Hyper Text Transfer Protocol Secure (HTTPS) encrypts the data (using a code) being exchanged between the sender and the receiver in such a way that only the sender and receiver can read & understand the data and no one else.

Humans could encode their own documents, but computers do it faster and more efficiently. To do this, the computer at each end uses a document called an “SSL Certificate” containing character strings that are the keys to encrypt the information.

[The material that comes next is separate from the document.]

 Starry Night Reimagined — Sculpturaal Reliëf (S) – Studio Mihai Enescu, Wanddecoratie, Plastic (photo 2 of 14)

SSL certificates contain the computer owner’s “Public Key”.

The owner shares the public key with anyone who wants to send information to the owner. This public key is used to encrypt messages to be sent to the owner. The owner sends those users the SSL certificate, which contains the public key but he does share the private key with anyone. This private key is used to decrypt the messages received by the owner and is known to the owner only.

The security during the transfer is called the Secure Sockets Layer (SSL) and Transport Layer Security (TLS).

The procedure for exchanging public keys using SSL Certificate to enable HTTPS, SSL and TLS is called Public Key Infrastructure (PKI).

What is Chrome SSL?

Whenever we visit a site using the HTTP protocol on Google Chrome we see an ‘i’ icon on the address bar and not the green lock with the “Secure” tag. This symbolizes that information exchange on that website is not encrypted and is not secured by HTTPS protocol. To make this more clear to the user, Google Chrome will mark all HTTP sites as “Not Secure” starting this July, according to a blog post published today by Chrome security product manager Emily Schechter. With version 68, the browser will warn users with an extra notification in the address bar for sites still using the HTTP protocol regardless of whether they have sensitive input fields such as username/password or a payment feature.

How will this make us more secure?

The announcement made by Google regarding labeling all sites using HTTP protocol as “Not Secure” is one of the most stringent steps taken by Google to nudge all unsafe websites from Internet and force them to migrate to HTTPS in order to make Internet a safer place for information exchange.

Moreover for Chrome version 66, any Symantec, GeoTrust, RapidSSL and Thawte SSL certifcates that were issued before June 2016 are now distrusted. Any certificates that have been issued between June 2016 and December 2017 will need to be reissued before October 23, 2018 so as to be tagged “Secure” on the address bar.

There is a wide range of options , right from manual to automated & from free to paid , to issue an SSL Certificate for the website and migrate from HTTP to HTTPS protocol. Following are some well known and widely used SSL Certificate Providers in no particular order:

  1. Verisign (Paid with Free 30-day Trial)- https://www.verisign.com/en_IN/website-presence/website-optimization/ssl-certificates/index.xhtml
  2. GeoTrust ( Paid with Free 30-day Trial) – https://www.geotrust.com/
  3. Comodo (Paid)- https://ssl.comodo.com/
  4. Let’s Encrypt (Free, automated & Open) – https://letsencrypt.org/
  5. Digicert (Paid) – https://www.digicert.com/
  6. Thawte ( Paid) – https://www.thawte.com/
  7. Network Solutions (Paid) – https://www.networksolutions.com/SSL-certificates/index.jsp
  8. GoDaddy (Paid) – https://in.godaddy.com/web-security/ssl-certificate

Even Google’s “Lighthouse” tool can be used to migrate from HTTP protocol to HTTPS protocol. Get to know more about Lighthouse here – https://developers.google.com/web/tools/lighthouse/audits/mixed-content

Google’s movement of making Internet a safer place for information exchange by compelling web developers to migrate from HTTP to HTTPS will ultimately keep our personal information such as Credit/Debit card details, password, date of birth, PIN number, address, etc completely secure through data encryption and will help users identify websites which are not secure for sharing their confidential information.